**Section 4: Linear Regression - Solution**

Notebook for "Introduction to Data Science and Machine Learning"

version 1.0, May 27 2024

# Linear Regression

In this lab we will use functions and carry out a linear regression task. 

We need the following modules. So please run the following code:

In [None]:
import pandas as pd
import seaborn as sns
import numpy as np
import matplotlib.pyplot as plt

## 1. Loading the data

We load the dataset. We will use one of the data sets that is often recommended for classification tasks.

In [None]:
data=pd.read_csv('data/winequality-red.csv')

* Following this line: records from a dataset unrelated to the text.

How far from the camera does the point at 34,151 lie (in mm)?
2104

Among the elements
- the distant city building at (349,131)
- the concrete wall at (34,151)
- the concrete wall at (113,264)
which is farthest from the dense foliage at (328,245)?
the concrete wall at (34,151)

## 2. Getting to know the data

Use code you used in former lab assignments:

- Display the first five rows of the data

In [None]:
# your code


- Display the information about the data 

In [None]:
# your code


- Display the statistical information of the numerical data

In [None]:
# your code


This dataset has many features, we will thus solve a **Multivariable Linear Regression** problem.

## 3. Data cleaning

Let's check whether there is any missing data: 

In [None]:
data.isna().sum()

As we could see above there are no null values. We should now check for duplicate entries. 


Lets count how many duplicated rows are in the data set. `duplicated()` returns a boolean series denoting duplicate rows.

In [None]:
# Number of duplicates
data.duplicated().sum()

We use `inplace=True` in `drop_duplicates()` to modify the data by removing the duplicates, i.e. we modify the data frame. 

*Please remember that we should do this always with the greatest care!*

In [None]:
# drop the duplicates in the original data
data.drop_duplicates(inplace=True)

Before we split the data, we take a look at the `quality` attribute. Contrary to the other atrributes it is of type `int32` with few unique values:

In [None]:
data.quality.unique()

The `quality` can be seen as a target variable / class. We will not use it in the regression task and thus drop it.

In [None]:
regressionData=data.drop(columns=['quality'])

## 4. Data Splitting

In machine learning we normally split our data into several sets:
- the training set is used for training
- the test set consists of data that have not been used for training and is used to evaluate the quality of the learned model
- if there are different parameters to choose from an additional set, a validation set, is used to select the best among different models that is then tested with an idependet data set.

The easiest split is splitting the data into 2 sets, the *training* and the *test* set. Data in the training set is used to learn a model (here the linear regression). We then use the test set data (that is unknown to the model) to estimate how good the model is. We will look at this in the lecture. 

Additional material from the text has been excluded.